Popular song is often argued against in academic literature as a sight of the mundane, holding little to no evidence of musicological value (Ward 2019). As part of a PhD, 300 number 1 songs (2017) were subject to a musical analysis of form and organisation. This analysis tested the assertions of the most prominent instructional works on songwriting, namely: popular song forms are inherently formulaic and consist of only 7 forms. The results of this analysis demonstrated that 84% of the music analysed shared a common form and structure, with only minor variation being present in the data set (Ward 2019).
In a work that undertook 7 different rewrites over an 18-month process, Mama Said subverts concepts of modern song form by deploying multiple variations of musical structure to the popular song format. Irregular sectional length and breaks in arrangement continuity are used to disrupt the most common song forms while still adhering to the other temporal considerations of popular song (Bennet, 2015).
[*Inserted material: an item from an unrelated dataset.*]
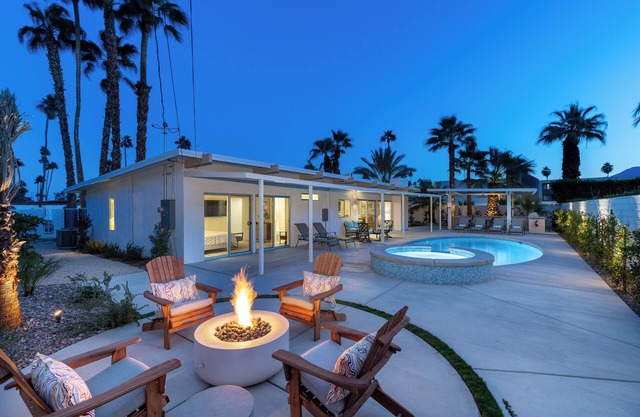 Victor Victoria Hideaway- True PS Retreat!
In this way, Mama Saiduses quantitative analysis to inform its structural composition and distils the knowledge of 300 number 1 songs into a single work arguing for the efficacy of a quantitative-informed songwriting approach. This structural songwriting approach is one of the key outcomes of the PhD Project undertaken by the writer.
Mama Said is part of a music publishing agreement with Origin Australia and after being produced for Warner Music Poland, the sound recording received its first Gold Record status (15,000 physical sales) in May of 2021. The work has received over one-million streams on various platforms and was included in a demonstration of the structural analysis model at the biennial conference for the International Association for the study of Popular Music in 2019.